:: Supplied data

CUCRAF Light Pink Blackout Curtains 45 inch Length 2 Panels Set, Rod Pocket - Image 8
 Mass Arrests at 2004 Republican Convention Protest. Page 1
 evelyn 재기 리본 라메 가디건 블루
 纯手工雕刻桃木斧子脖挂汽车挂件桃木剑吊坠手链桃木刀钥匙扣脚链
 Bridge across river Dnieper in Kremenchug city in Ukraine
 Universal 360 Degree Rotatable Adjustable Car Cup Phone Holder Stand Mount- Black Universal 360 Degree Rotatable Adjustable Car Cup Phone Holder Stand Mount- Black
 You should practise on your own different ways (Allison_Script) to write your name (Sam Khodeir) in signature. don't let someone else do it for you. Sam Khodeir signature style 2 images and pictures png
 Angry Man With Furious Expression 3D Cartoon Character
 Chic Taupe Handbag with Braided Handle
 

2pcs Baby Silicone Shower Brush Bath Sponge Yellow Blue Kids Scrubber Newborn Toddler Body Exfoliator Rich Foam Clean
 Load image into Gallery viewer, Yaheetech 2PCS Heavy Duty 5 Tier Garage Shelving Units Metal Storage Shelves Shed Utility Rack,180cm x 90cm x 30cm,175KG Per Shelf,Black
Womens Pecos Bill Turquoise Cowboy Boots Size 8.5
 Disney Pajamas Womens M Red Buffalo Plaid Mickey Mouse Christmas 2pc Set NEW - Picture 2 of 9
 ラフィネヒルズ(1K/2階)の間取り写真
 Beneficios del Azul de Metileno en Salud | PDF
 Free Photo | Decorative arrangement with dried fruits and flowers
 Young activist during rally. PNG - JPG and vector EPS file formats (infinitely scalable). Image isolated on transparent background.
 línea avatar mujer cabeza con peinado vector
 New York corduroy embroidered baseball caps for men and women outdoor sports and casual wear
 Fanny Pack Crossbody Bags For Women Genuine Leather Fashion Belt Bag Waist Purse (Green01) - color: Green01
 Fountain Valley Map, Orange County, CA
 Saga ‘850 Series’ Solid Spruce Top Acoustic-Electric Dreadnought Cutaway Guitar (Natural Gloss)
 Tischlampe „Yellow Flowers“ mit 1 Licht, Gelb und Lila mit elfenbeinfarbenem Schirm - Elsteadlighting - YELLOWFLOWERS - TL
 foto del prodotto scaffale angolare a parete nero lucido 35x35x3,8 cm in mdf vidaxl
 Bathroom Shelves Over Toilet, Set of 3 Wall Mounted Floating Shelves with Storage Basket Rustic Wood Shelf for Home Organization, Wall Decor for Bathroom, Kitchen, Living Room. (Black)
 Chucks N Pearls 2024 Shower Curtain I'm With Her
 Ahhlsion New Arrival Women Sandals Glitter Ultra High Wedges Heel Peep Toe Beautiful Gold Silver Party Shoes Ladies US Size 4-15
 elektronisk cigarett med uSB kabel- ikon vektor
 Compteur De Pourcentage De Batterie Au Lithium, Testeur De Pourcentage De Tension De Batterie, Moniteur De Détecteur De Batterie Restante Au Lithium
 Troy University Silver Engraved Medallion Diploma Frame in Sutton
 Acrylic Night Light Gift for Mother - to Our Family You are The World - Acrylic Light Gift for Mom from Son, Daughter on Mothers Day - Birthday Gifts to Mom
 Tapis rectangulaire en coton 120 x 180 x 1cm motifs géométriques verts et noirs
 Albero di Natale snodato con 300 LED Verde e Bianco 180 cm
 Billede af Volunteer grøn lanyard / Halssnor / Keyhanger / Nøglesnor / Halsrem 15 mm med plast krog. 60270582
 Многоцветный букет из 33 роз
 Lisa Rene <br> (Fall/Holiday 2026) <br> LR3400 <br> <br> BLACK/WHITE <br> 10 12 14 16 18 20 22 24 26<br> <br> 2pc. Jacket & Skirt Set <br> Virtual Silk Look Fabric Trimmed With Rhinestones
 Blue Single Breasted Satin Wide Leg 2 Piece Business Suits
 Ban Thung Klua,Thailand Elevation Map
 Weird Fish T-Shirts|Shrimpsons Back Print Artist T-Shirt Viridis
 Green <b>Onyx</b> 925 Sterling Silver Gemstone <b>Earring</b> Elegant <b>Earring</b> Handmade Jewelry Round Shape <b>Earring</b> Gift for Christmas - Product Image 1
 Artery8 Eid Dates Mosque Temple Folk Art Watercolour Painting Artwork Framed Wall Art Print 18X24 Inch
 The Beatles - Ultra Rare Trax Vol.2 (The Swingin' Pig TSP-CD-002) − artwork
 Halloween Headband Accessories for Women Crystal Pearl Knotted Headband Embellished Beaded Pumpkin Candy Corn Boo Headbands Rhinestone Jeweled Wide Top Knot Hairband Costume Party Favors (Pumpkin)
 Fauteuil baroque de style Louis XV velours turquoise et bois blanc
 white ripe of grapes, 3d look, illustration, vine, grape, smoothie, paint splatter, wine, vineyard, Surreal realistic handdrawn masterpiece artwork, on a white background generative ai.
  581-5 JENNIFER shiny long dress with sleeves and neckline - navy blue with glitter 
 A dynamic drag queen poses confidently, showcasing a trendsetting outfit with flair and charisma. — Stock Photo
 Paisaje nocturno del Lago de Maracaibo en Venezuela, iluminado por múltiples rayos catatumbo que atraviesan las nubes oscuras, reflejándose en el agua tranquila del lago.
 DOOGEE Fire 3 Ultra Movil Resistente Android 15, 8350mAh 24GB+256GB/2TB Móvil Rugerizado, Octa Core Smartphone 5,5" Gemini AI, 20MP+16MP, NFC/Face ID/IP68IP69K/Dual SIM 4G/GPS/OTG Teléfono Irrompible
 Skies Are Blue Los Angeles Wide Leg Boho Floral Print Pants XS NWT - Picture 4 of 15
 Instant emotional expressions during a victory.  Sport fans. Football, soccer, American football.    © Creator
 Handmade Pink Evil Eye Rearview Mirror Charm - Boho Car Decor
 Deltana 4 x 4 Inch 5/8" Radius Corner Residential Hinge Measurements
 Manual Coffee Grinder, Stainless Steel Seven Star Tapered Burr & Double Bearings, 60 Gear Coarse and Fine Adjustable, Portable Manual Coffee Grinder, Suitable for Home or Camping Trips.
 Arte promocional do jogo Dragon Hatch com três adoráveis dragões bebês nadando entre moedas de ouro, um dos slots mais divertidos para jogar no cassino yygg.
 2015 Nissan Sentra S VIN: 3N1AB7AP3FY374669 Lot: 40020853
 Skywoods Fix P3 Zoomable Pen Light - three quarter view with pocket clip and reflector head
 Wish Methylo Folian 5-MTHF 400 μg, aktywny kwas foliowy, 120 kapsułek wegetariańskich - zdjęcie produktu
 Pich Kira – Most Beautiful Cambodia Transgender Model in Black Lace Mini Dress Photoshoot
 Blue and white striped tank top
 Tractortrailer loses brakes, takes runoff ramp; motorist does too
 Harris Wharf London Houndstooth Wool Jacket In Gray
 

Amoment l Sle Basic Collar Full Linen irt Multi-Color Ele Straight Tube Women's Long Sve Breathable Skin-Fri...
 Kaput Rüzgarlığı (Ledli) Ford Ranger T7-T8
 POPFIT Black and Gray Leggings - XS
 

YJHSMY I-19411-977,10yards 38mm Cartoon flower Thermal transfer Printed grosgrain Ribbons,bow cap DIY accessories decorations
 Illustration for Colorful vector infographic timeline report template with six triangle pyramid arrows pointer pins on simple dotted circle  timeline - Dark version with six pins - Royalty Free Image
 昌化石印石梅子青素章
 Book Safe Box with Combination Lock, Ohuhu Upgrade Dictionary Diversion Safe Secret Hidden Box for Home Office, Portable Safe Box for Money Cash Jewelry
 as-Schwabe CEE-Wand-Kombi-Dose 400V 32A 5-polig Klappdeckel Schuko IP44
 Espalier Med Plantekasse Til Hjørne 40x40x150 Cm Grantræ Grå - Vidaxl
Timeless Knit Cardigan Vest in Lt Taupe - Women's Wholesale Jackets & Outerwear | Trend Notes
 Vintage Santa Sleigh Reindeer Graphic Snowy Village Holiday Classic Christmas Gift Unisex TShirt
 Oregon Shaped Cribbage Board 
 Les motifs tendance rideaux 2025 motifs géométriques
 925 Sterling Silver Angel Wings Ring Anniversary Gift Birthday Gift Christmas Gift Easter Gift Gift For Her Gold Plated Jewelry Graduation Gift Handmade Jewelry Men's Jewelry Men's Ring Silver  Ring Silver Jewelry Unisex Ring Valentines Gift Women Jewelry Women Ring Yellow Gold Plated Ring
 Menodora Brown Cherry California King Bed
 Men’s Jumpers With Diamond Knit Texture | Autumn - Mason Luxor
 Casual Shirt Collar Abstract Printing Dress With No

::::

**Work instructions**: Starting at the line above that contains "YELLOWFLOWERS - TL", repeat each line exactly up to and including the line that contains "Lisa Rene <br>", and stop there.

**Response**:
 Tischlampe „Yellow Flowers“ mit 1 Licht, Gelb und Lila mit elfenbeinfarbenem Schirm - Elsteadlighting - YELLOWFLOWERS - TL
 foto del prodotto scaffale angolare a parete nero lucido 35x35x3,8 cm in mdf vidaxl
 Bathroom Shelves Over Toilet, Set of 3 Wall Mounted Floating Shelves with Storage Basket Rustic Wood Shelf for Home Organization, Wall Decor for Bathroom, Kitchen, Living Room. (Black)
 Chucks N Pearls 2024 Shower Curtain I'm With Her
 Ahhlsion New Arrival Women Sandals Glitter Ultra High Wedges Heel Peep Toe Beautiful Gold Silver Party Shoes Ladies US Size 4-15
 elektronisk cigarett med uSB kabel- ikon vektor
 Compteur De Pourcentage De Batterie Au Lithium, Testeur De Pourcentage De Tension De Batterie, Moniteur De Détecteur De Batterie Restante Au Lithium
 Troy University Silver Engraved Medallion Diploma Frame in Sutton
 Acrylic Night Light Gift for Mother - to Our Family You are The World - Acrylic Light Gift for Mom from Son, Daughter on Mothers Day - Birthday Gifts to Mom
 Tapis rectangulaire en coton 120 x 180 x 1cm motifs géométriques verts et noirs
 Albero di Natale snodato con 300 LED Verde e Bianco 180 cm
 Billede af Volunteer grøn lanyard / Halssnor / Keyhanger / Nøglesnor / Halsrem 15 mm med plast krog. 60270582
 Многоцветный букет из 33 роз
 Lisa Rene <br> (Fall/Holiday 2026) <br> LR3400 <br> <br> BLACK/WHITE <br> 10 12 14 16 18 20 22 24 26<br> <br> 2pc. Jacket & Skirt Set <br> Virtual Silk Look Fabric Trimmed With Rhinestones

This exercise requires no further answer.